» **What you should do**
Lines from the start of the data through the line containing "KIND ZEROg Added Sugar Bars have arrived!" must be given again exactly. Leave the others out.

» **Stored items from a collection**
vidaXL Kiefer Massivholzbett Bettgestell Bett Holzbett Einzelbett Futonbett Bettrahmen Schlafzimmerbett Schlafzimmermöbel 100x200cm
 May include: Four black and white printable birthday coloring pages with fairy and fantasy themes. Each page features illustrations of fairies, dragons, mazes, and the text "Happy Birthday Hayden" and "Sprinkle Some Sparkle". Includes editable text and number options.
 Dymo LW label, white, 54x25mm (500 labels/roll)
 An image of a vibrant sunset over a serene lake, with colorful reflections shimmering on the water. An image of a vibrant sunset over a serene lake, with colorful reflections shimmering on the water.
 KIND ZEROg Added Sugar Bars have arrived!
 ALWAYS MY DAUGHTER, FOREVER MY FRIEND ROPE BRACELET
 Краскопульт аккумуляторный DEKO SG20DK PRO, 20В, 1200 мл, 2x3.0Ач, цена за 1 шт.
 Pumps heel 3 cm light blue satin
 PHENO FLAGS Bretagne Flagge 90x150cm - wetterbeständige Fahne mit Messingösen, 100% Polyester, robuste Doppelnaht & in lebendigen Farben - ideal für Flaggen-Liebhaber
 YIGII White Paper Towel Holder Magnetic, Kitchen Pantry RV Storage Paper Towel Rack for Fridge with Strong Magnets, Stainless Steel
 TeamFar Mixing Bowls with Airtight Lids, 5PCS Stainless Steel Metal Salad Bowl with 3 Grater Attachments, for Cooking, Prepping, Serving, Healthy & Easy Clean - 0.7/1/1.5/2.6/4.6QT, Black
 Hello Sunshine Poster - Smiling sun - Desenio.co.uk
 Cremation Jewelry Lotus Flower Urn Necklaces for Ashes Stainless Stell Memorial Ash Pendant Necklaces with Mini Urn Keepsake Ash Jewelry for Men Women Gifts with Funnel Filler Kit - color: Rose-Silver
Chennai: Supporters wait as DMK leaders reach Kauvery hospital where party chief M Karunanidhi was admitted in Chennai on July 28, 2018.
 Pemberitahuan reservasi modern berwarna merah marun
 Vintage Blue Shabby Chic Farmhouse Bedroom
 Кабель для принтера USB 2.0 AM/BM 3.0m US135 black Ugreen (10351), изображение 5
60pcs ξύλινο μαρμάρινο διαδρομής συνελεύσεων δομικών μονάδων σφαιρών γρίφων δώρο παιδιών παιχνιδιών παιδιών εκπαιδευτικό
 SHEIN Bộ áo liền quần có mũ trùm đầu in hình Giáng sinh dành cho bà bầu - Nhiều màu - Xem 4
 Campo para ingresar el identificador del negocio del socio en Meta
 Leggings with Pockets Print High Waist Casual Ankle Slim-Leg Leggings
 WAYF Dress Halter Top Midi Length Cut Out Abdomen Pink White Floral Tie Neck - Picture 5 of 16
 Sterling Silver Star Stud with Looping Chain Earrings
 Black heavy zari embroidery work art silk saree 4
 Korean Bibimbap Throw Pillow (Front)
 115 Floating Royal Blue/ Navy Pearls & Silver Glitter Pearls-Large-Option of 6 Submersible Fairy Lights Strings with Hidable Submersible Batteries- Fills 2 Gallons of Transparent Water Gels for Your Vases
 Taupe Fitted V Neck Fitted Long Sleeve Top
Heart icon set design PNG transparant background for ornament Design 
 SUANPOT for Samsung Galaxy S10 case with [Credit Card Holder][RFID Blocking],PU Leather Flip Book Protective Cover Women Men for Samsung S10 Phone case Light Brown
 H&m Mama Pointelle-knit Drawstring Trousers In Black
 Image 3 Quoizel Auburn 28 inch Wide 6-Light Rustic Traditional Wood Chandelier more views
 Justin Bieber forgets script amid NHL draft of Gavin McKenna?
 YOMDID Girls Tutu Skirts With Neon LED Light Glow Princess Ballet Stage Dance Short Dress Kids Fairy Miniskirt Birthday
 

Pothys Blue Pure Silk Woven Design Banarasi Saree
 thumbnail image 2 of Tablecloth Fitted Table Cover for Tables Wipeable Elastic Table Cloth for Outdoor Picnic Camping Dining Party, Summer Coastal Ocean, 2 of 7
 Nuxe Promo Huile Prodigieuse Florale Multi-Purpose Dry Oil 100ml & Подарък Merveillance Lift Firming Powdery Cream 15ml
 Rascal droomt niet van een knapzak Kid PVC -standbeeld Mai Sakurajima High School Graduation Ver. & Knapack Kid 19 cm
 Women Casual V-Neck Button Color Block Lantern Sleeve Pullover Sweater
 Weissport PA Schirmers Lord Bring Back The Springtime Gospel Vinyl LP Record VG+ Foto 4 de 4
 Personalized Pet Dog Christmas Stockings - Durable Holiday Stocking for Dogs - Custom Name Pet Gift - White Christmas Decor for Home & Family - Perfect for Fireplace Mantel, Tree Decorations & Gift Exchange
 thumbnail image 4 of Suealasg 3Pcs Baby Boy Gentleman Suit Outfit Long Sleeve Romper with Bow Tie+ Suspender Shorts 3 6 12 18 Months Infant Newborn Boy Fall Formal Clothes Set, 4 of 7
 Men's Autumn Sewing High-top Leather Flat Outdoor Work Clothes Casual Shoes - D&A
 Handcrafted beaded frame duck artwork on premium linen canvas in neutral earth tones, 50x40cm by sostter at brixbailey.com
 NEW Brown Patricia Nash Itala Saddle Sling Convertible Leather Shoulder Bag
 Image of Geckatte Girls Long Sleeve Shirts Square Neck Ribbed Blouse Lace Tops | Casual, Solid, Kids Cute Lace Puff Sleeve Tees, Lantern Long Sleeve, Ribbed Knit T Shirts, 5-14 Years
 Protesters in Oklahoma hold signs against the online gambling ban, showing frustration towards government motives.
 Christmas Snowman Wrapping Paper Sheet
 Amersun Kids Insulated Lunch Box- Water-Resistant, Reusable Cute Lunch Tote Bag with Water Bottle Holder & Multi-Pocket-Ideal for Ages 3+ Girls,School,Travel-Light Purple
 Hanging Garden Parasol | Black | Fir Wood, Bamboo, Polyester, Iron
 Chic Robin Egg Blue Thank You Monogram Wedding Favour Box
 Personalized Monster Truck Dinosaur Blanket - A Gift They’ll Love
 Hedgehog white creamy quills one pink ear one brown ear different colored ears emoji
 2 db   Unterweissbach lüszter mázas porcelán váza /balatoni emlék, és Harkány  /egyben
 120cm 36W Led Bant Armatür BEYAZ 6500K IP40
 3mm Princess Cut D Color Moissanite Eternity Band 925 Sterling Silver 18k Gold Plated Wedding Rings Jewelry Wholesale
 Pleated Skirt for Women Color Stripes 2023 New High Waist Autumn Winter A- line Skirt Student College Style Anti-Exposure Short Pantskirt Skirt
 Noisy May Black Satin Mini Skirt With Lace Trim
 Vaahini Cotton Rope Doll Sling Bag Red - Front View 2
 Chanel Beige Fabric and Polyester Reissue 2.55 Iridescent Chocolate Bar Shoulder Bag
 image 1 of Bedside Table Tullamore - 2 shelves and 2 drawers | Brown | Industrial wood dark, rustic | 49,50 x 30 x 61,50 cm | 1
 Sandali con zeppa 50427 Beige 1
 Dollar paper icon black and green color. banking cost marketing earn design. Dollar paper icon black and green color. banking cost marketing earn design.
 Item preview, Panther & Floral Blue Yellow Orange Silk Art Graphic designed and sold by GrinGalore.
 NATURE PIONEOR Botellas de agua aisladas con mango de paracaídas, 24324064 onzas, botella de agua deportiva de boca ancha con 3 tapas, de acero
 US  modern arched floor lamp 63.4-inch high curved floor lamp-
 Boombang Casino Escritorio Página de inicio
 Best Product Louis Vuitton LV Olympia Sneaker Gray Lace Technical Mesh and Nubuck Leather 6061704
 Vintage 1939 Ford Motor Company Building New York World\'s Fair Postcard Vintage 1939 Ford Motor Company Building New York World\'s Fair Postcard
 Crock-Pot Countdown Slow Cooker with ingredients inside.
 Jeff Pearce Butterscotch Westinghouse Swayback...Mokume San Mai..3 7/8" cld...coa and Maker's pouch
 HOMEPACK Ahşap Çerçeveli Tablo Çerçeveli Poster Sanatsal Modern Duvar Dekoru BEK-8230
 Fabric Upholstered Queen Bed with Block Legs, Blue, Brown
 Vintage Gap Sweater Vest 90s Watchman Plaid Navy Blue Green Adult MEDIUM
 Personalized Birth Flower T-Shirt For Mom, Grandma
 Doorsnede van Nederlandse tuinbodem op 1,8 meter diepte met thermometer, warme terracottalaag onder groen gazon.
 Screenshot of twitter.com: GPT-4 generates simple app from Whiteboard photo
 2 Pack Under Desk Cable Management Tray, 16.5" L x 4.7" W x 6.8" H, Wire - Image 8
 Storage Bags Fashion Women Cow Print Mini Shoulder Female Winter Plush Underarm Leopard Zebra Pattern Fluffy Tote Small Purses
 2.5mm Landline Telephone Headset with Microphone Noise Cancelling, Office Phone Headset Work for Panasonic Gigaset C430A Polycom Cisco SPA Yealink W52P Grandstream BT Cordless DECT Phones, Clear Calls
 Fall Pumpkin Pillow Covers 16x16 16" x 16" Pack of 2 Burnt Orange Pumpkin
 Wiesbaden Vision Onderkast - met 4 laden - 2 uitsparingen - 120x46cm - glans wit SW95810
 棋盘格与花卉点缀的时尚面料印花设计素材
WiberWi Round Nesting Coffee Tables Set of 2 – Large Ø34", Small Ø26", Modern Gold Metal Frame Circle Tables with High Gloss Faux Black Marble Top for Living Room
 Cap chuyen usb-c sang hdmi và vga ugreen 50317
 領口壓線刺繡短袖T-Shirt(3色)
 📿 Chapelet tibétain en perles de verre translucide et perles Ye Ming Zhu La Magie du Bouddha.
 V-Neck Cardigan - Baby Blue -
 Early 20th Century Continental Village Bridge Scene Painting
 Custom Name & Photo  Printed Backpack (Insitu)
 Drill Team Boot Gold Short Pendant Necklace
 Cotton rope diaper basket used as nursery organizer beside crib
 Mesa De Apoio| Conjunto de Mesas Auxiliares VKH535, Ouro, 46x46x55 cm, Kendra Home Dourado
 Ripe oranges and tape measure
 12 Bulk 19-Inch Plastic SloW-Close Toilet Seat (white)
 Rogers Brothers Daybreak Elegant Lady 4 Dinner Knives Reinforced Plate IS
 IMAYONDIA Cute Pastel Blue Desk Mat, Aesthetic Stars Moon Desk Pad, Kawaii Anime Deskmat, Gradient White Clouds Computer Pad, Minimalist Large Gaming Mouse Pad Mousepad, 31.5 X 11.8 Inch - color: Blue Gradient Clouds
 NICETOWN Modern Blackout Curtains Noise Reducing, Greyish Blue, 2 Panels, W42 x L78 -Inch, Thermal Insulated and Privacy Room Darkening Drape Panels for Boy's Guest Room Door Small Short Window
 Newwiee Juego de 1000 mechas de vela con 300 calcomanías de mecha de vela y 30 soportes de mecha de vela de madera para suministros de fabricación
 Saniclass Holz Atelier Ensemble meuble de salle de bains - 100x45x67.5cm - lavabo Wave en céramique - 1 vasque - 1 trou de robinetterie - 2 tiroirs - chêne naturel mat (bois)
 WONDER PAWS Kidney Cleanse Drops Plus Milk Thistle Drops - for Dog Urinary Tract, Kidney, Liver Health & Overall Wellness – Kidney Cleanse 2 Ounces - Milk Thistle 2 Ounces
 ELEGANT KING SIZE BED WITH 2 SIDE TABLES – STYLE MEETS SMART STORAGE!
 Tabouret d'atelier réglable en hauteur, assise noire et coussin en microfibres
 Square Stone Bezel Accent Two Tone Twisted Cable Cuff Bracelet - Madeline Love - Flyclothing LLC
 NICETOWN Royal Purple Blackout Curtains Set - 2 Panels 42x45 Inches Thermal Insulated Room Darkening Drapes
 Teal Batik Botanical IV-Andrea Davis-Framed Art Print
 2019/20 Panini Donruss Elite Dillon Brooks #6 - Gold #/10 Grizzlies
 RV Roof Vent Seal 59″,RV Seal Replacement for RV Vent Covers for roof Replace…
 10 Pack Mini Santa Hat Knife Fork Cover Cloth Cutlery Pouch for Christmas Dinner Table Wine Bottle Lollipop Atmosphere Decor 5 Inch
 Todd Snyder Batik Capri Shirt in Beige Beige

» **Task output**
vidaXL Kiefer Massivholzbett Bettgestell Bett Holzbett Einzelbett Futonbett Bettrahmen Schlafzimmerbett Schlafzimmermöbel 100x200cm
 May include: Four black and white printable birthday coloring pages with fairy and fantasy themes. Each page features illustrations of fairies, dragons, mazes, and the text "Happy Birthday Hayden" and "Sprinkle Some Sparkle". Includes editable text and number options.
 Dymo LW label, white, 54x25mm (500 labels/roll)
 An image of a vibrant sunset over a serene lake, with colorful reflections shimmering on the water. An image of a vibrant sunset over a serene lake, with colorful reflections shimmering on the water.
 KIND ZEROg Added Sugar Bars have arrived!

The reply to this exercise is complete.